Однажды, вернувшись с допроса, я обнаружил, что население камеры удвоилось. Это был мужчина много старше меня, заморенного вида, молчаливый, с диковатым или растерянным выражением глаз. Я только и узнал от него, что он солдат. Да и пробыли мы с ним вместе всего один вечер. Ночью меня вызвали на свидание с Евдокимовым, а на следующий день я оказался снова в другой камере.
На этот раз мне повезло. Камера, теперь на третьем этаже, оказалась теплой, по сравнению с предыдущими какой-то уютной и даже жилой. В ней мне предстал паренек, еще на два года моложе меня, по имени Колька — из соседнего с нашим Вачского района.
— За что ты попал? — спросил я его.
— Немецкие листовки расклеивал.
— Ну и дурак, — тут же я ему выпалил.
Хотя при обыске у меня самого была изъята немецкая листовка, одна из тех, что немцы сбрасывали над территорией оборонных работ, я ее никому не показывал и берег для послевоенного времени как исторический экспонат. Колька же поступил совсем глупо, и я его поступок не одобрил.
— А здесь, в тюрьме, Кочин находится, — сказал он мне, — писатель.
О Кочине я почти ничего не знал. Была у меня, правда, его книга «Кулибин» из серии «Жизнь замечательных людей», но я ее так и не прочел. Откуда Колька узнал про Кочина, я не спросил. Как и с солдатом, мы пробыли вместе всего один день или два, и как в дальнейшем сложилась его судьба, мне неизвестно.
На этот раз меня перевели в соседнюю камеру, я бы сказал, в еще более «комфортабельную». Такое же, с решеткой и козырьком, окно против двери. По сторонам две железные койки со скатанными в валики постельными принадлежностями, обнажившими засаленные тусклые доски. Перед окном небольшой стол с кружкой на нем. От двери до стола свободное место длиной шага в четыре и шириной, достаточной, чтобы впритирку разойтись двоим. И в этом «коридоре» стоял человек. Невысокий, как и положено арестанту, остриженный наголо, в серых брюках и расстегнутой зеленоватой куртке-ковбойке. Лицо его, правильной овальной формы, с несколько грубоватыми чертами, с пробивающейся рыжеватой щетиной бороды, показалось мне далеко не интеллигентным, каким-то деревенским.

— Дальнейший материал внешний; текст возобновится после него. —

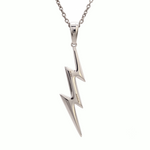 Load image into Gallery viewer, Platinum Thunderbolt Lightning Pendant JL PT P 377
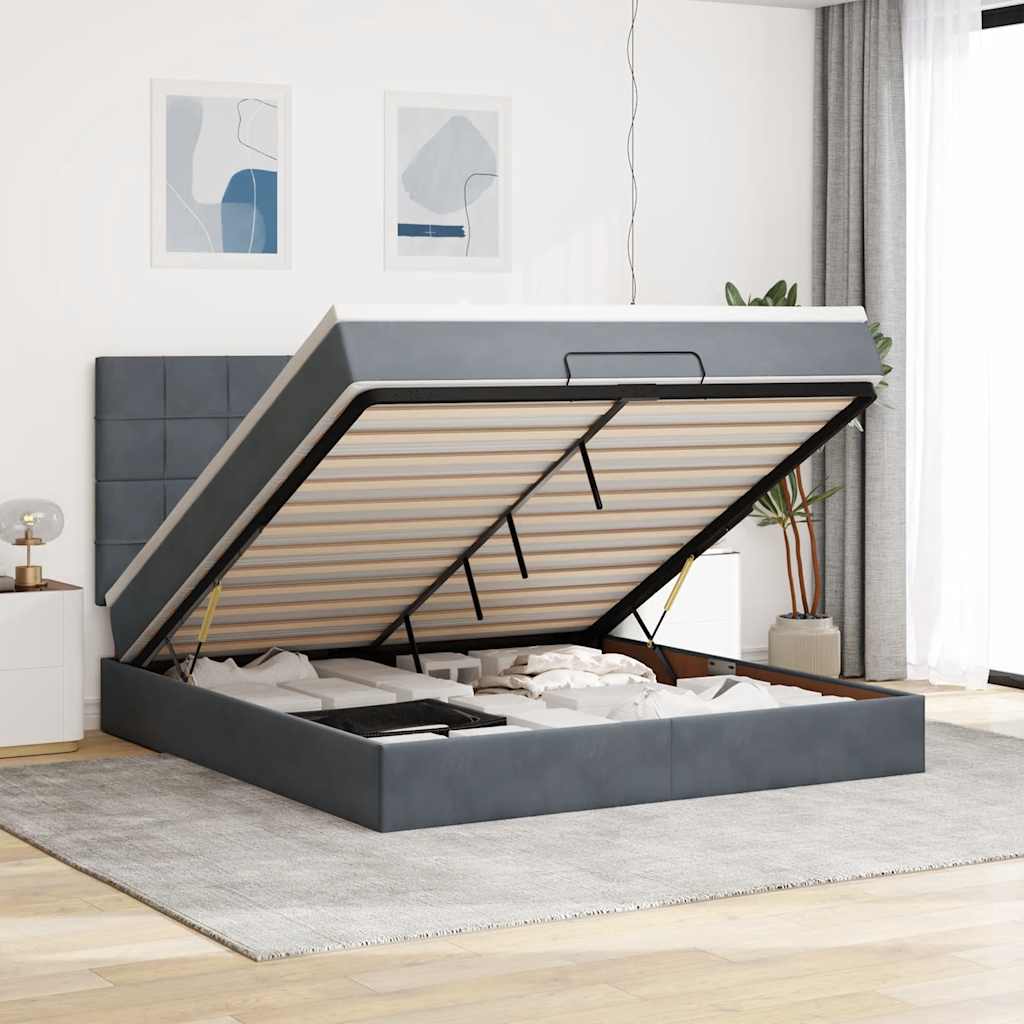 Ottoman Bed with Mattresses Dark Grey 160x200cm Velvet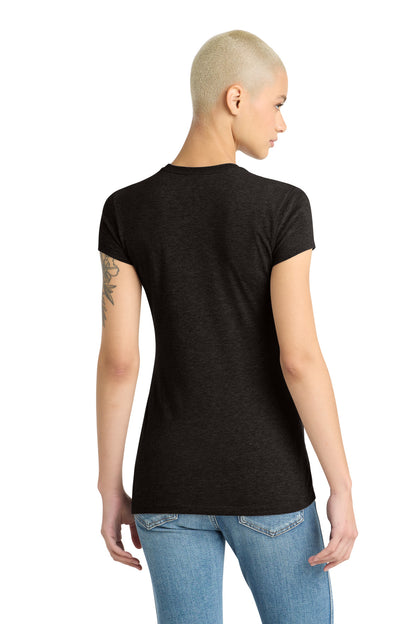 District Women's Fitted Perfect Tri Tee DT155 Black Frost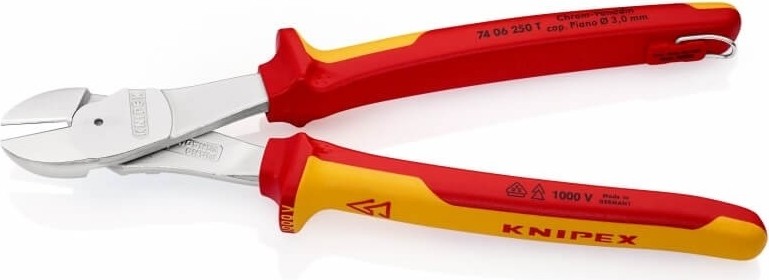 Бокорезы диэлектрические KNIPEX KN-7406250TBK особо мощные vde, 250 мм, хром, 2-комп. ручки - изображение 2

— Кочин, — назвал он себя.
Но я как-то не сразу, с заметной паузой сообразил, что передо мной известный горьковский писатель. Николай Иванович говорил очень тихо, о себе почти не рассказывал, был осторожен в движениях, часто задумчив, периодически довольно плотно, до глубоких морщин на переносице, сжимал веки. Как я понял, это у него выходило непроизвольно — он страдал тиком. Не знаю, была ли это его природная особенность, или последствие шока, вызванного арестом, или результат переживаний в связи с предстоящим со дня на день судом. Следствие над ним и его товарищами — писателем Патреевым, несколькими сотрудниками горьковского издательства и кем-то еще — было закончено, все они признали себя врагами народа, занимавшимися, как гласила 58-я статья Уголовного кодекса, «антисоветской агитацией, изготовлением и хранением антисоветской литературы». Финал судилища по тем временам был непредсказуем.